So Apparently I’m a Naked Mole Rat

I stand here,

toothbrush dangling from fingertips,

staring at myself in the mirror.

I stand here for five minutes straight, with my face wet from rinsing, trying to convince myself that I think I’m beautiful. Just the way I am. Right now. In this moment. Water soaked mustache and all.

Oh, I’m sorry. Did that throw you off? I’m a girl, so I’m not supposed to have a mustache, right?

Wrong.

I do. And so do most women though we might try to hide it. Don’t get me wrong. My stache isn’t long enough to cuaf into curly points or anything, but it’s there. A little dark layer of peach fuzz who especially likes to come out to play when my face is wet. It’s not too noticeable otherwise  (unless you’re mere inches from my face), but when it is, it IS, if ya’ know what I mean. It kinda slaps you in the face and demands to be looked at. Almost as if someone’s pressed zoom on a camera and the focus just happened to land smack dab in the middle of my upper lip.

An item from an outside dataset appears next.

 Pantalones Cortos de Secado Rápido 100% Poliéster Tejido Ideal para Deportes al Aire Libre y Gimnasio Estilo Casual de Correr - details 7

Quite frankly, it’s distracting. Or at least I think so. I imagine someone leaning in to kiss me and then recoiling in sudden disgust. AWKWARD.

“Naw, naw. You’re fine,” I tell myself. “This is your natural face. It’s just the media that’s got you convinced you need to change. If a guy can’t handle you and all your ‘ugly’ he can’t handle you anyway.”

But then I stand there making kissy faces for another five minutes, trying to get the positive concept of myself that’s in my heart become true in my brain. I still haven’t succeeded. Somewhere along the line, us women got convinced that any and all hair is the bane of our existence and now we’re plagued with the constant removal of it.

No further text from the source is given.